When Stephen Burch, CEO of UK cable operator ntl, recently agreed to appear on a BBC business programme to answer customers' questions, he no doubt anticipated that general questions regarding the quality of customer service provided would be a recurring theme. However, the extent of the 'billing grilling' that proceeded from a number of residential customers who wanted simpler and more understandable bills, rather than promises of enhanced broadband speeds or quadruple-play packages, illustrates a broader issue that faces service providers in the rush to provide multi-play offerings: bill presentment. This issue has often been overlooked by service providers but it is an increasingly important area that may ultimately harm their multi-play delivery ambitions.
Mind the perception gap
The last significant innovations in bill presentment were itemised billing and electronic billing. While service providers have focused their efforts in recent years on improving the technical performance of their networks, bill presentment has tended to remain a back-office process that merely produces a request for payment from postpaid customers for services consumed. Bill presentment has generally been perceived as offering little in the way of competitive differentiation for the service provider.
Operators that view the transition to next-generation services purely as a technology play, and assume that faster networks will be sufficient to satisfy customers, will leave themselves vulnerable to virtual network operators that have entered the telecoms sector from the retail industry.
Increasing competition in many telecoms markets is giving customers more options to change service provider. Billing is often the most frequent and direct form of interaction that a service provider has with a customer and is one of the best ways to cultivate customer loyalty in a competitive market.
To use billing as a means of improving customer retention, service providers must develop presentment strategies that are relevant to customers’ needs and tailored to recent patterns of customer behaviour (for example, by including with bills an offer to trial a new service).
There is no shortage of vendors willing to provide operators with billing solutions (Figure 1 lists the leading vendors by number of system sales for the first half of 2006). Yet, as the telecoms software market consolidates, the number of retail billing system sales announced is declining (see Figure 2), perhaps indicative of service operators’ recent investment priorities (new technologies rather than billing solutions).
| Vendor |
Sales |
| Convergys |
8 |
| Portal Software |
5 |
| CBOSS Corp. |
3 |
| LHS Telekom |
3 |
| Alcatel |
2 |
| Amdocs |
2 |
| Comverse |
2 |
| First Hop |
2 |
| Highdeal |
2 |
| Info Directions |
2 |
| MIND CTI |
2 |
Figure 1: Leading vendors of retail billing and rating systems by number of system sales, January–June 2006 (Source: Analysys Research, 2006)
|
Sales |
| 2003 |
166 |
| 2004 |
152 |
| 2005 |
131 |
| 2006 |
46 |
Figure 2: Total sales of retail billing and rating systems by leading vendors, January 2003–June 2006 (Source: Analysys Research, 2006)
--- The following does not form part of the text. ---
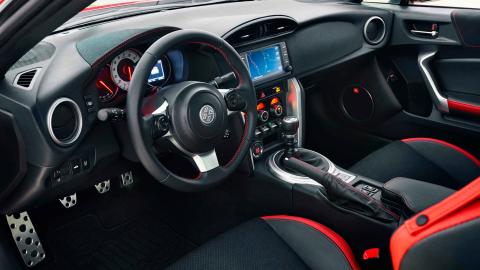 prueba nuevo toyota GT86 2017 interior prueba nuevo toyota GT86 2017 interior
Retailers are poised to exploit their expertise in customer relationship management if telcos do not adequately address bill presentment
Service providers have an opportunity to use bill presentment to stimulate the adoption of next-generation services, including communications and entertainment services delivered over Internet Protocol. However, network operators that view the transition to next-generation services purely as a technology play, and assume that faster networks will be sufficient to satisfy customers, will leave themselves vulnerable to virtual network operators that have entered the telecoms sector from the retail industry in recent years – for whom using billing as a marketing and loyalty-building tool has long been a core competence.